- Born: September 3, 1950 (age 75) Pielavesi, Finland
- Education: Helsinki University of Technology

= Antti Räisänen =

Finnish scientist

Antti V. Räisänen (born 3 September 1950, in Pielavesi), is a Finnish scientist. He is the professor and head of the Department of Radio Science and Engineering in Aalto University (former Helsinki University of Technology). He is also the director of SMARAD (The Center of Smart Radios and Wireless Research).

Räisänen received the Doctor of Science (Tech.) degree in electrical engineering from the Helsinki University of Technology (TKK), Finland, in 1981. Räisänen was appointed to the professor chair of Radio Engineering at TKK in 1989, after holding the same position in 1985 and 1987–1989. He has held visiting scientist and professor positions at the Five College Radio Astronomy Observatory (FCRAO) and University of Massachusetts Amherst (UMass), Amherst (1978–1981), at Chalmers University of Technology, Göteborg, Sweden (1983), at the Dept. of Physics, UC Berkeley (1984–1985), at JPL Caltech, Pasadena (1992–1993), and at Paris Observatory and University of Paris VI (2001–2002).

Räisänen is supervising research in millimeter-wave components, antennas, receivers, microwave measurements, etc. at TKK Dept. of Radio Science and Engineering and MilliLab (Millimetre Wave Laboratory of Finland - ESA External Laboratory). He has authored and co-authored more than 400 scientific or technical papers and six books, for instance, "Radio Engineering for Wireless Communication and Sensor Applications". Also he is involved in some courses related to those field in European School of Antennas.

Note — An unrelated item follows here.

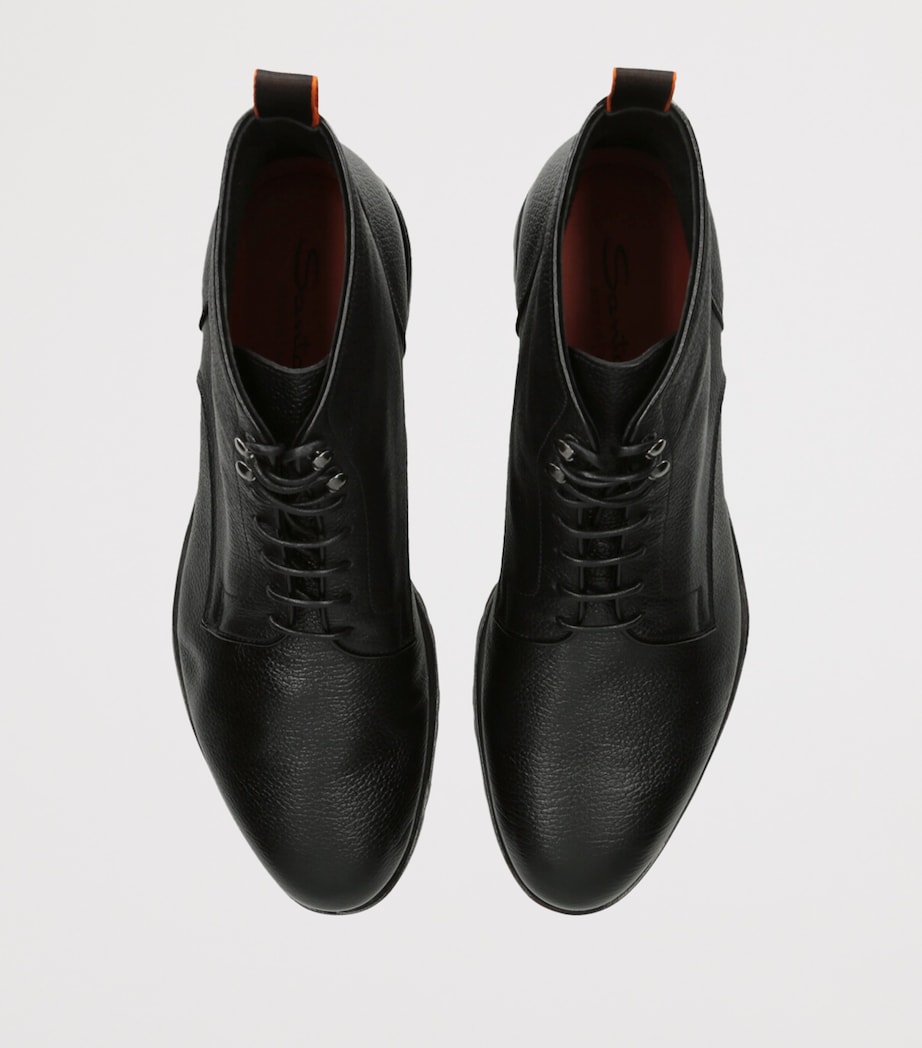 Leather Colin Lace-Up Boots BLACK Image 4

Räisänen has been Conference Chairmen for several international microwave and millimeter wave conferences including the European Microwave Conference (EuMC) in 1992. In 1997, he was elected the Vice-Rector of TKK for the period of 1997–2000. He served as an associate editor of the IEEE Transactions on Microwave Theory and Techniques from 2002 o 2005. He is a member of the board of directors of the European Microwave Association (EuMA) for 2006–2008 and 2009–2011. He is a Fellow of the IEEE since 1994 for contribution to and leadership in millimeter-wave receiver technology.

In 2009, Räisänen has been awarded the Distinguished Achievement Award by AMTA (which is AMTA's most prestigious award) for his outstanding and pioneering contributions to the Theory, Practice and Art of Hologram-based Compact Antenna Test Ranges at Submillimeter Wavelengths.